Cleaning up space with giant fishing nets

To bring down dead satellites, the European Space Agency is considering a very low-tech solution.

It is testing out the idea of deploying fishing nets in space to capture them. It's part of a global campaign to rid space of the kinds of debris that wreaked havoc in the movie "Gravity" and pose a safety hazard to space missions.

The problem of space debris has caught the attention of several nations, but no one has settled on an ideal solution yet.

Within the U.S. Department of Defense, the Joint Functional Component Command for Space (JFCC-Space) currently tracks 23,000 objects in low-Earth orbit. NASA officials have estimated that roughly 500,000 pieces of space junk larger than a marble circle the planet, and there could be more than 100 million tiny fragments, some as small as flecks of paint, that race around Earth at blistering speeds of 17,500 mph.

Japan launched a mission last year that included a magnetic net that acted as a trash bag of sorts to remove debris.

ESA's nets are just one option being considered by the the agency as part of its Clean Space initiative, which aims to reduce the impact of the space industry on the terrestrial and orbital environments. Among the other candidates the ESA is looking at are a robotic arm, a harpoon and an ion beam.

"The main advantage of the net option, whether for e.Deorbit or other debris removal missions in future, is that it can handle a wide range of target shapes and rotation rates," Wormnes said.

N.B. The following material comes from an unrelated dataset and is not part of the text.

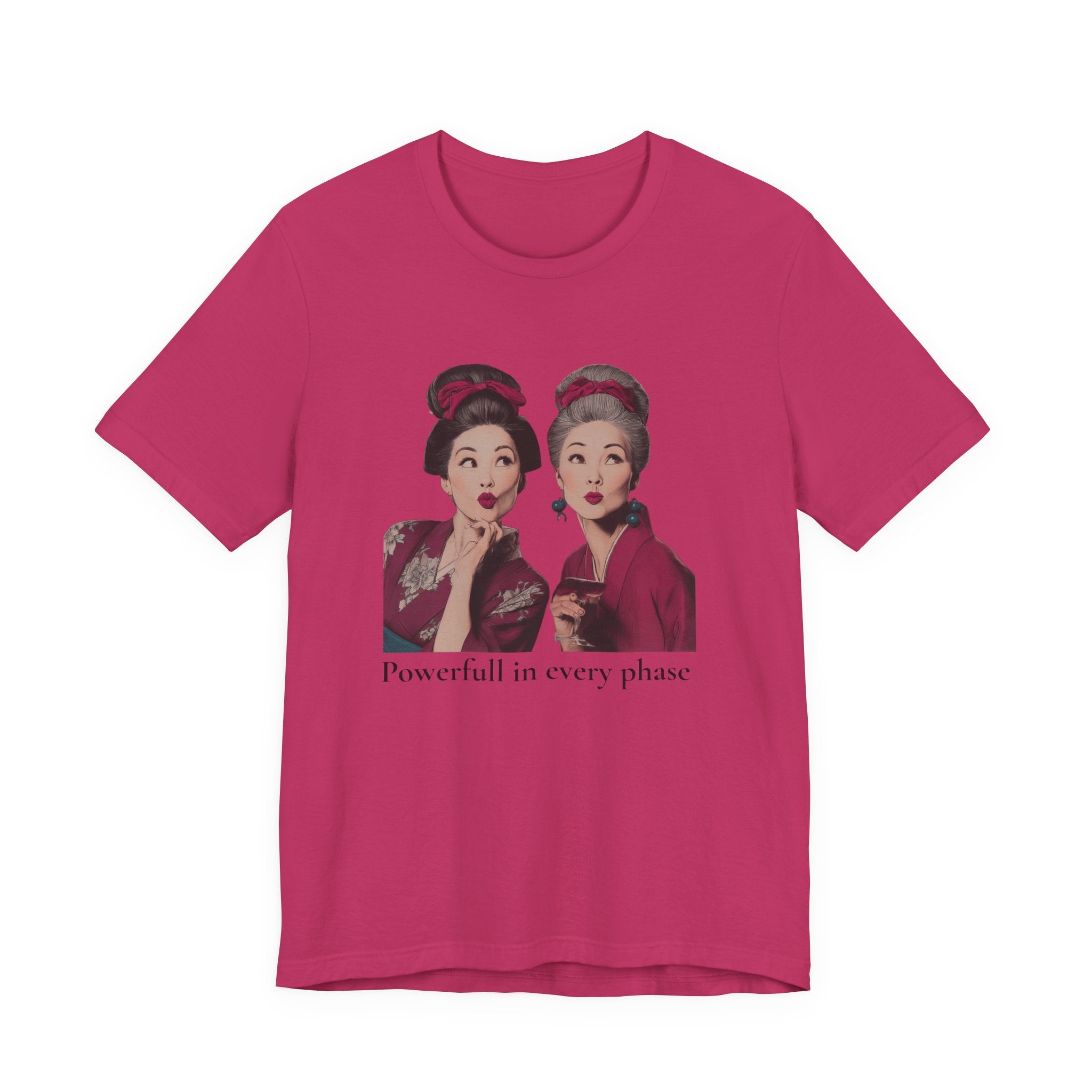 Powerful in Every Phase | Women's Motivational Graphic Vintage Women T-Shirt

So far, the agency has attempted to snag mock satellites inside an airplane while it flew maneuvers that created brief periods of weightlessness.

"We shot nets out of a compressed air ejector at a scale-model satellite," ESA engineer Kjetil Wormnes said. "The good news is they worked extremely well - so much so that the nets usually had to be cut away with a knife before we could shoot again."

Wormnes said the simulations would be used "to design the full-size nets for a debris removal mission" which then could be put on ESA's e.Deorbit mission in 2021. That mission will test the feasibility of removing a large item of debris, such as derelict satellites or upper stages from rockets.